1. Determine the moment in the column strip and calculate how much reinforcing you need distributed evenly throughout the full column strip width.

2. Seperately determine the unbalanced moment and the portion of this moment which must be transferred by flexure and the required steel reinforcing for this moment which must be placed over the smaller "transfer width."

3. If the amount of reinforcing located within the smaller transfer width ALREADY provided by the reinforcing distributed evenly throughout the column strip in part 1 provides enough reinforcing to meet that required in part 2 then you are finished.

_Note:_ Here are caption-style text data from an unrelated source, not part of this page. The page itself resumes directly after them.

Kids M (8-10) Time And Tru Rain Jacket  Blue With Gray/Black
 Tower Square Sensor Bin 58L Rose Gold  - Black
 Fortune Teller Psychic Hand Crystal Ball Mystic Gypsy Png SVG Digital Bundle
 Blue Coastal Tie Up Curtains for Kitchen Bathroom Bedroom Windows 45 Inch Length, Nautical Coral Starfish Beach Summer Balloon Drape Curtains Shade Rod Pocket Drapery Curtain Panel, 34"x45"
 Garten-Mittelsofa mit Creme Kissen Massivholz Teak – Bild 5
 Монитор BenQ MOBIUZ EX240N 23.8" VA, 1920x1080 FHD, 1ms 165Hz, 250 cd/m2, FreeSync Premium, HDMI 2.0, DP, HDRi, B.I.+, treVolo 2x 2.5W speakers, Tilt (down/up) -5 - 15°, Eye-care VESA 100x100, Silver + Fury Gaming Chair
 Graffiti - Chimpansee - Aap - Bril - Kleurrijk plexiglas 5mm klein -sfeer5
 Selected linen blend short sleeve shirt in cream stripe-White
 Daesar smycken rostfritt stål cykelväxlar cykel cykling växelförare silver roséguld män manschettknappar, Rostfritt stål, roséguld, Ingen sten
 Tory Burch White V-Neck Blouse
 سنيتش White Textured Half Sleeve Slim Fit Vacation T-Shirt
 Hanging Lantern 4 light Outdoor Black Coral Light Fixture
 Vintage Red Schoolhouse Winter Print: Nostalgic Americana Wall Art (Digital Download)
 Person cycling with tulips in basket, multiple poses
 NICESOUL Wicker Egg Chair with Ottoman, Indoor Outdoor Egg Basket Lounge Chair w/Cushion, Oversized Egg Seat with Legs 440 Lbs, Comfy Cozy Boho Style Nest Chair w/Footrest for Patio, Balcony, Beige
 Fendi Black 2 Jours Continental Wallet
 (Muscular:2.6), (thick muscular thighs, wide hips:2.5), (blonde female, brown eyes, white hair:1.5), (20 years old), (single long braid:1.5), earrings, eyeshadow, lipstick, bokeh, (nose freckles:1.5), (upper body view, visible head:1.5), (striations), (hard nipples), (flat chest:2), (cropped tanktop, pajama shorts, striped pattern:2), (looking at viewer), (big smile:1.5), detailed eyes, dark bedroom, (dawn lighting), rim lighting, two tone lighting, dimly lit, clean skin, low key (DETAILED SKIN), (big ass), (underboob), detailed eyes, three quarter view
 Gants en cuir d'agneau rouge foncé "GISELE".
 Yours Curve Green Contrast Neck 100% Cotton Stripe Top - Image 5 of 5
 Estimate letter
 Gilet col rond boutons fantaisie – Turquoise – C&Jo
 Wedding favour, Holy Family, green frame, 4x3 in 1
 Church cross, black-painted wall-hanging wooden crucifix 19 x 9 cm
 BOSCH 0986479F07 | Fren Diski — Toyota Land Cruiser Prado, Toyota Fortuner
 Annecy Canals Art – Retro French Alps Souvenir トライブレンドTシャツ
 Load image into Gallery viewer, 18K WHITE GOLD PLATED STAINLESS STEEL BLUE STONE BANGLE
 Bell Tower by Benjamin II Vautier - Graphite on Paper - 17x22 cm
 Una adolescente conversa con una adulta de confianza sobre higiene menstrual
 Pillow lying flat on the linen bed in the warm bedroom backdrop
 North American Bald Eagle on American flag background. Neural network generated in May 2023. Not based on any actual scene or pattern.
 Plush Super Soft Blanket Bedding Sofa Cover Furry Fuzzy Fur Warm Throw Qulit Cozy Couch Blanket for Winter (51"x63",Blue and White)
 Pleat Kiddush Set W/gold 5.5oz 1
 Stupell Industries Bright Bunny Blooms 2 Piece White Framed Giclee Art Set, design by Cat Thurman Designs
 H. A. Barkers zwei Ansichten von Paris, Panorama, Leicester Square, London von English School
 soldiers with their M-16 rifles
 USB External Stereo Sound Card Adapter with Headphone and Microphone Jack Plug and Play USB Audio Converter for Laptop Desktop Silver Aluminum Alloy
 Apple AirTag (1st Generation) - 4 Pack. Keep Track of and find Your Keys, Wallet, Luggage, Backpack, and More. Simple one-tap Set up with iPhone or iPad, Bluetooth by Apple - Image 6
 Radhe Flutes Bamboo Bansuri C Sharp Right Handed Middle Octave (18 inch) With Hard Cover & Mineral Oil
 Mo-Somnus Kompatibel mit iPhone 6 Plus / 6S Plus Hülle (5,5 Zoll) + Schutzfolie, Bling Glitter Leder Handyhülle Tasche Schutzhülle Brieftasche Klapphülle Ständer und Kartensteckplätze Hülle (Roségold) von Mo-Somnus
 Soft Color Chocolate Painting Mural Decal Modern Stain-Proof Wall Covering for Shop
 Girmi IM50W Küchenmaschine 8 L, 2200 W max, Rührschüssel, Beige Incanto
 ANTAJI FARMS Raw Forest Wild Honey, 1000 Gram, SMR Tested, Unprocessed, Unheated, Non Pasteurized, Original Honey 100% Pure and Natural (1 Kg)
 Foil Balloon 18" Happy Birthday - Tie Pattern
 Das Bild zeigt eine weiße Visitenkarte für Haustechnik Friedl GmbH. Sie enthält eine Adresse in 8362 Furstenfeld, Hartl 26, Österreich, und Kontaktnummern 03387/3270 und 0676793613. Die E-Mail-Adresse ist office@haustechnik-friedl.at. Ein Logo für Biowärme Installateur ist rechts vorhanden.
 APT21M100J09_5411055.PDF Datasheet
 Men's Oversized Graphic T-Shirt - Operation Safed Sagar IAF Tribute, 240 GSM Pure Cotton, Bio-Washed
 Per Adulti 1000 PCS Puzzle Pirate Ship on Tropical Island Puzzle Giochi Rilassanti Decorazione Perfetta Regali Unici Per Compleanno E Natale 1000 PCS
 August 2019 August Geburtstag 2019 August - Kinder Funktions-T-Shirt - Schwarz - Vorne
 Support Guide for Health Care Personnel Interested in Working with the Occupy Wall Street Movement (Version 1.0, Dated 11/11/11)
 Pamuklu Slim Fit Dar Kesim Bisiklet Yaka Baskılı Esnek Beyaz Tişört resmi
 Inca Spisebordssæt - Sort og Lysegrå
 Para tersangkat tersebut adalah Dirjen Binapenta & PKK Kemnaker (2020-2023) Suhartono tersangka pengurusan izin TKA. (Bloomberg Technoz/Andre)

4. If more steel is required within the smaller zone than is provided as an even distribution throughout the column strip in part 1 you can either:

a) shift the spacing of the bars from part 1 around so that more are concentrated within the smaller transfer zone to meet part 2 and the remainder are now spaced a little farther apart within the rest of the column strip or

b) just add enough extra bars within the smaller transfer zone to make up the difference between what is required within that zone and what was provided through the even column strip distribution in step 1.

This methodology is consistant with that provided in:

MacGregor - Reinforce Concrete - 3rd Edition - see Example 13-7 specifically p627

PCA Notes on ACI 318-02 - see Example 20.1 specifically p20-29 - 20-30 as well as Example 19.1 specifically p19-21 - 19-22

 

[JAE]

WillisV - thanks for laying this out. This is what I think I was trying to communicate but you did a great job. I agree with your procedure and it also appears to agree with the ACI example.